Legislature's own budget analyst reports state funding for Empowerment Scholarship Accounts costs more per-pupil than support for public school students.

PHOENIX — School voucher supporters claim that Arizona's Empowerment Scholarship Accounts save taxpayers thousands of dollars on educating the state's children. 

The Capitol's independent budget analyst says they don't.

Research by the Joint Legislative Budget Committee shows that the state general fund pays out more for ESAs than it does to pay for a public school education.

"When a student leaves a school district and goes to an ESA, that is not saving the state general fund money," said Chuck Essigs, government relations director for the Arizona Association of School Business Officials. Essigs has tracked Arizona school finances since the 1980s.
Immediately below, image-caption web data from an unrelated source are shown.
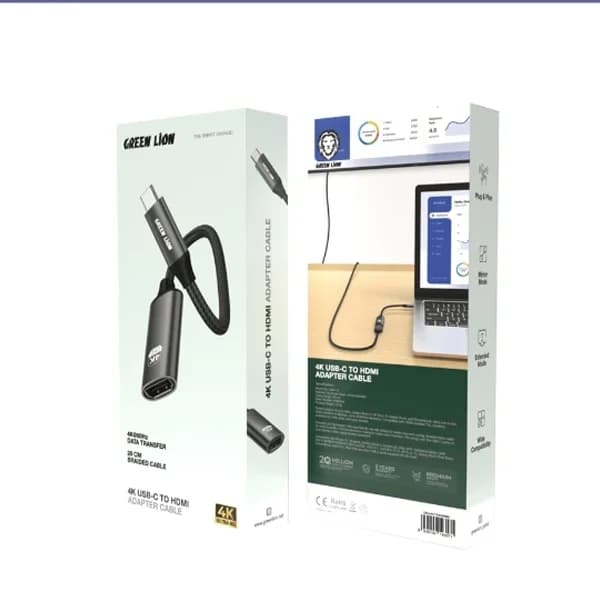 کابل تبدیل USB-C به HDMI گرین لاین GN4KCTHDMIBK — تصویر ۲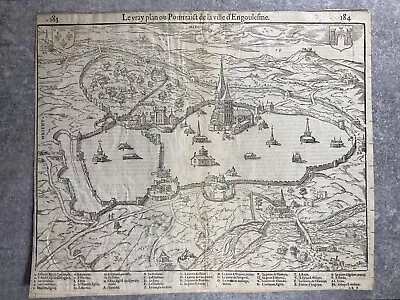 Vray Engraving Plan For Traict Engoulesme AngoulÊme Belleforest Cosmography 1575 • $319.67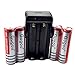 Gugou 4 packs Red 18650 3.7V 5000mAh Rechargeable Low Self-discharge Li-ion Battery and US Charge for Cree LED Flashlight Headlight Headlamp Search light lamp Bike light
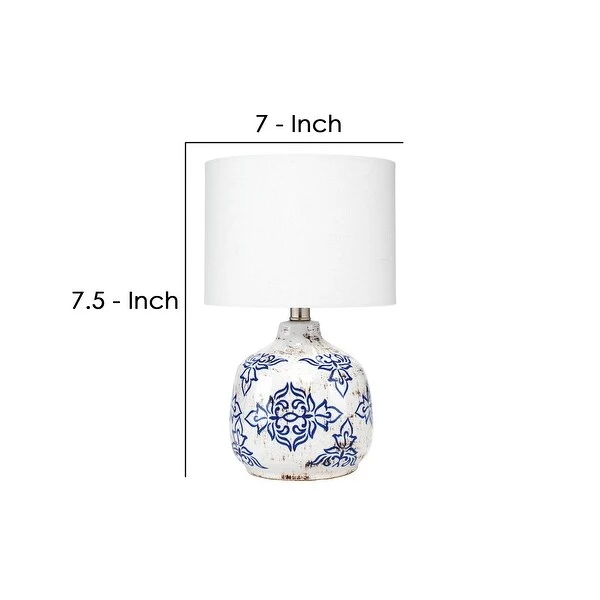 Table Lamp with Floral Pattern Ceramic Base， White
A debate over ESA funding and regulation by the state is taking center stage as lawmakers return to work this week.

In her State of the State speech Monday to a joint session of the Legislature, Democratic Gov. Katie Hobbs warned that the ballooning cost of ESAs could blow a hole in a state budget that's already $850 million in the red through this year.

"Now is the time to advocate for accountability and transparency - not a blank check," Hobbs said.
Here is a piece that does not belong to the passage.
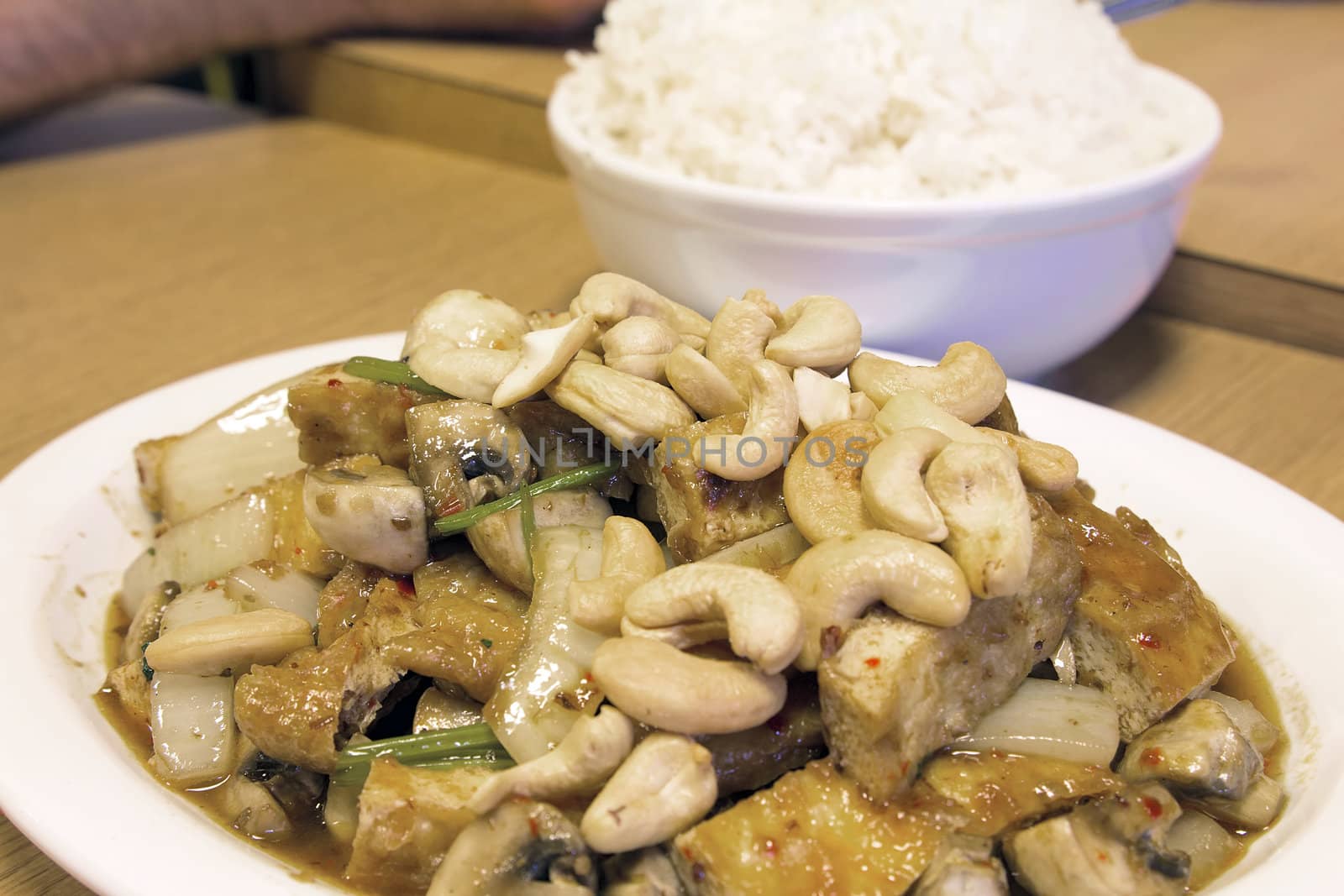 Thai Stir Fry Tofu with Cashew Nuts with Rice by jpldesigns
RELATED: Hobbs vows to rein in skyrocketing school voucher program, update groundwater laws in state of the state address

Republican House Speaker Ben Toma torpedoed Hobbs' proposal minutes before she delivered her speech.

"Any effort to undermine parental choice in education will not succeed," Toma said to applause from Republicans.
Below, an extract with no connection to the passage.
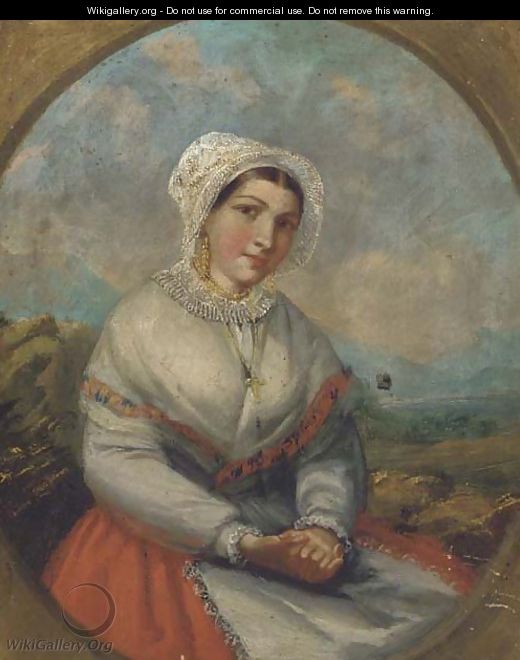 Portrait of a young maiden, seated three-quarter length, in an extensive landscape - English School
Under the ESA program, all Arizona students can use taxpayer dollars to cover tuition at private and parochial schools. The money is also available for home schooling and special education students.

ESA enrollment has soared in the 16 months since the universal expansion - and so has the cost to the state general fund.

School vouchers advocates staged a rally on the Capitol lawn Monday to respond to Hobbs' reform plan. 

"By and large, the state actually saves money for every child that switches over to an ESA," Toma, who championed the program in 2022, told 12News.

The Legislature's independent budget analysts have crunched the numbers on ESA spending. They found that state's basic aid to public school districts is lower than the spending on school vouchers.

The JLBC did an apples-to-apples comparison, removing the high cost of educating special needs children, which boosts the average ESA award.

According to JLBC:

  • For large school districts that receive state aid, the per-pupil cost for Grades 1 through 8 in public schools was $700 less than the cost of an ESA.
  • For public high schools, the per-pupil cost was $900 lower than an ESA.
  • The disparity is much larger for districts like Scottsdale Unified and Cave Creek that don't receive state aid. 

For high schools, ESA awards were $8,600 per pupil. The non-state-aid districts get nothing.

"They don't get any state general fund money," Essigs said. 

"They pay for all of the cost out of their local taxes."

ESA advocates lump public school funding from federal and local sources in their comparisons to vouchers. 

None of that money comes from the state general fund.

"It's not like everything is a savings just because those students have left the school district," Essigs said.